FACTS: The compulsory retirement of Chief Justice Reynato S. Puno by May 17, 2010 occurs just days after
the coming presidential elections on May 10, 2010.

These cases trace their genesis to the controversy that has arisen from the forthcoming compulsory
retirement of Chief Justice Puno on May 17, 2010, or seven days after the presidential election. Under
Section 4(1), in relation to Section 9, Article VIII, that vacancy shall be filled within ninety days from the
occurrence thereof from a list of at least three nominees prepared by the Judicial and Bar Council for
every vacancy. Also considering that Section 15, Article VII (Executive Department) of the Constitution
prohibits the President or Acting President from making appointments within two months immediately
before the next presidential elections and up to the end of his term, except temporary appointments to
executive positions when continued vacancies therein will prejudice public service or endanger public
safety.

The JBC, in its en banc meeting of January 18, 2010, unanimously agreed to start the process of filling up
the position of Chief Justice.

Conformably with its existing practice, the JBC automatically considered for the position of Chief Justice
the five most senior of the Associate Justices of the Court, namely: Associate Justice Antonio T. Carpio;
Associate Justice Renato C. Corona; Associate Justice Conchita Carpio Morales; Associate Justice
Presbitero J. Velasco, Jr.; and Associate Justice Antonio Eduardo B. Nachura. However, the last two
declined their nomination through letters dated January 18, 2010 and January 25, 2010, respectively.
The OSG contends that the incumbent President may appoint the next Chief Justice, because the
prohibition under Section 15, Article VII of the Constitution does not apply to appointments in the Supreme
Court. It argues that any vacancy in the Supreme Court must be filled within 90 days from its occurrence,
pursuant to Section 4(1), Article VIII of the Constitution; that had the framers intended the prohibition to
apply to Supreme Court appointments, they could have easily expressly stated so in the Constitution, which
explains why the prohibition found in Article VII (Executive Department) was not written in Article VIII
(Judicial Department); and that the framers also incorporated in Article VIII ample restrictions or limitations
on the Presidents power to appoint members of the Supreme Court to ensure its independence from
political vicissitudes and its insulation from political pressures, such as stringent qualifications for the
positions, the establishment of the JBC, the specified period within which the President shall appoint a
Supreme Court Justice.

A part of the question to be reviewed by the Court is whether the JBC properly initiated the process, there
being an insistence from some of the oppositors-intervenors that the JBC could only do so once the
vacancy has occurred (that is, after May 17, 2010).
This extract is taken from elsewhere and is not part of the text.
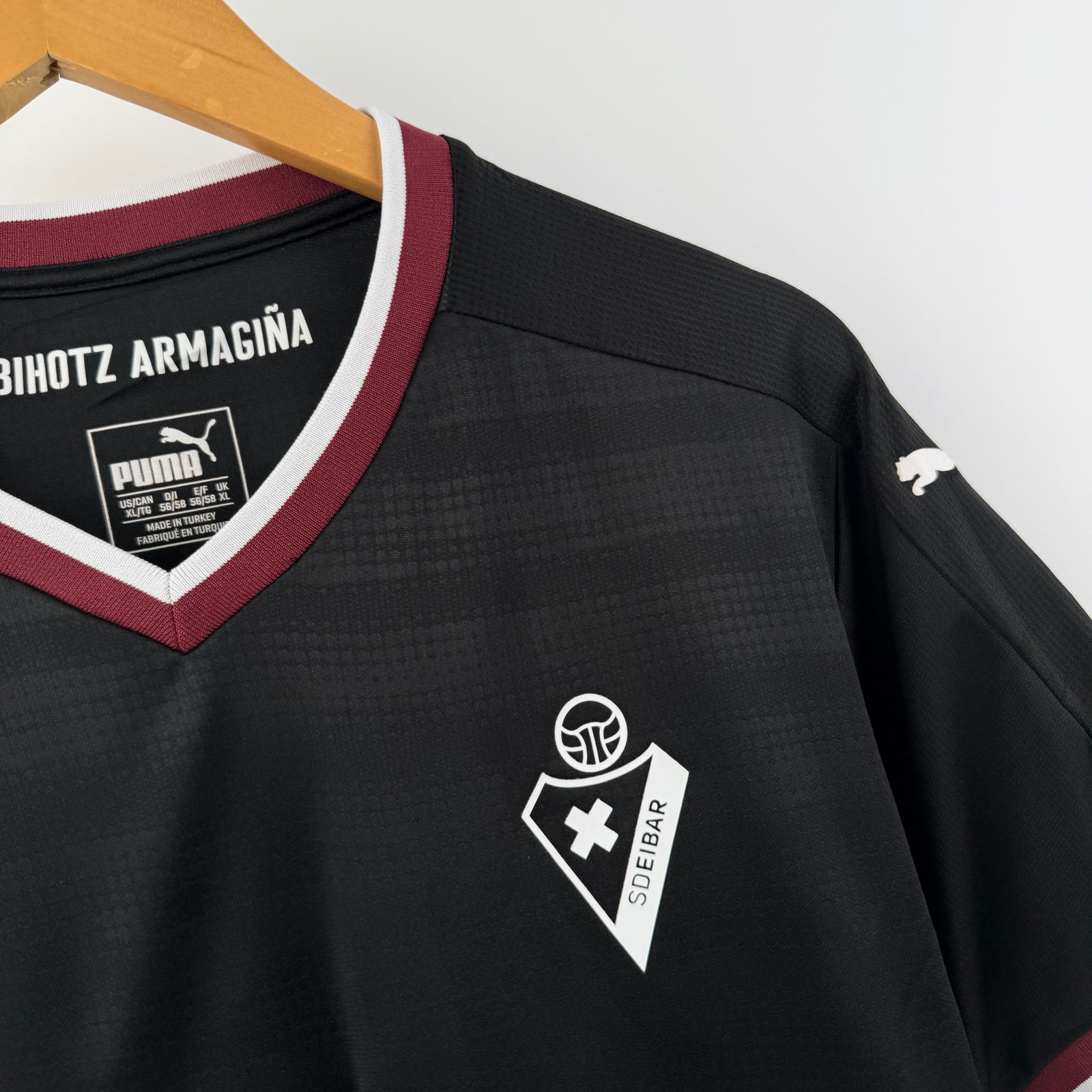 Eibar 2017-18 Away (XL)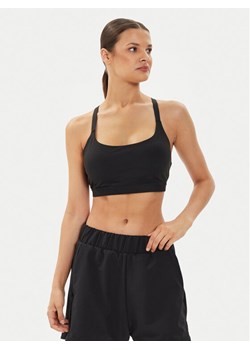 adidas Biustonosz sportowy All Me IQ3374 Czarny ze sklepu MODIVO w kategorii Biustonosze - zdjęcie 181176837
Another part is, of course, whether the JBC may resume
its process until the short list is prepared, in view of the provision of Section 4(1), Article VIII, which
unqualifiedly requires the President to appoint one from the short list to fill the vacancy in the Supreme
Court (be it the Chief Justice or an Associate Justice) within 90 days from the occurrence of the vacancy.
ISSUE: Whether the incumbent President can appoint the successor of Chief Justice Puno upon his
retirement.

HELD:

Prohibition under Section 15, Article VII does not apply to appointments to fill a vacancy in the Supreme
Court or to other appointments to the Judiciary.

Two constitutional provisions are seemingly in conflict.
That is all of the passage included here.